Scientists identified a total of 23,401 children and adolescents who initiated ESKD treatment with dialysis during those two decades, and noted a significant decrease in mortality rates among these young patients over that time period.
When comparing children under the age of 5 who started dialysis in 1990-1994 to those starting in 2005-2010, Dr. Mitsnefes and his team observed a mortality drop from 112.2 per 1,000 person-years to 83.4 per 1,000 person-years. Among those aged 5 and older, the mortality rates declined from 44.6 per 1,000 person-years to 25.9 over the same time period.
One in 10 American adults—more than 20 million—have some level of chronic kidney disease (CKD). In the pediatric population (age 19 and under) the annual rate for CKD is only one or two new cases in every 100,000 children, according to the National Kidney and Urologic Diseases Information Clearinghouse.
Organ transplant remains the treatment of choice to maximize survival, growth and development among children, according to the study authors.
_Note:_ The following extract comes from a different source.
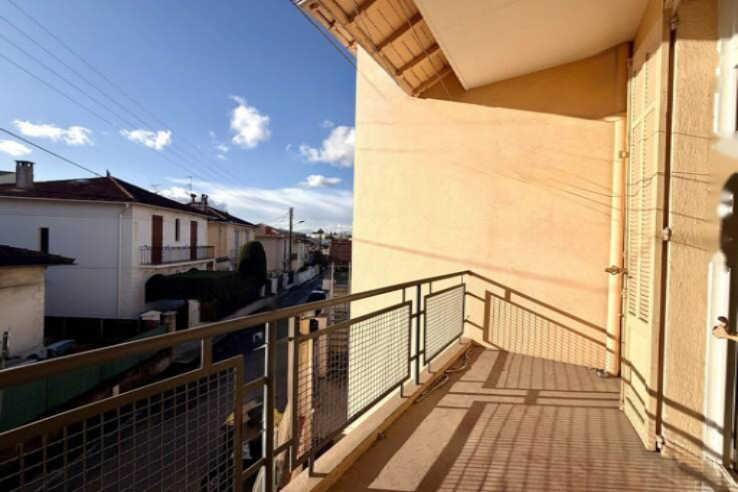 Flat in Cannes, France, 122 m² - picture 2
While children with ESKD await transplant, dialysis is a life-saving therapy.
Dialysis filters the blood to get rid of harmful wastes in the body.
While mortality rates in children receiving maintenance dialysis are at least 30 times higher than the general pediatric population, the authors highlighted that “there have been substantial improvements in the care of children with ESKD between 1990 and 2010. Improved pre-dialysis care, advances in dialysis technology and greater experience of clinicians may each have played a role.”
The investigators noted that further research is needed to determine the specific factors responsible for this decrease in mortality rates.
The study was published in the May 8 issue of the Journal of the American Medical Association.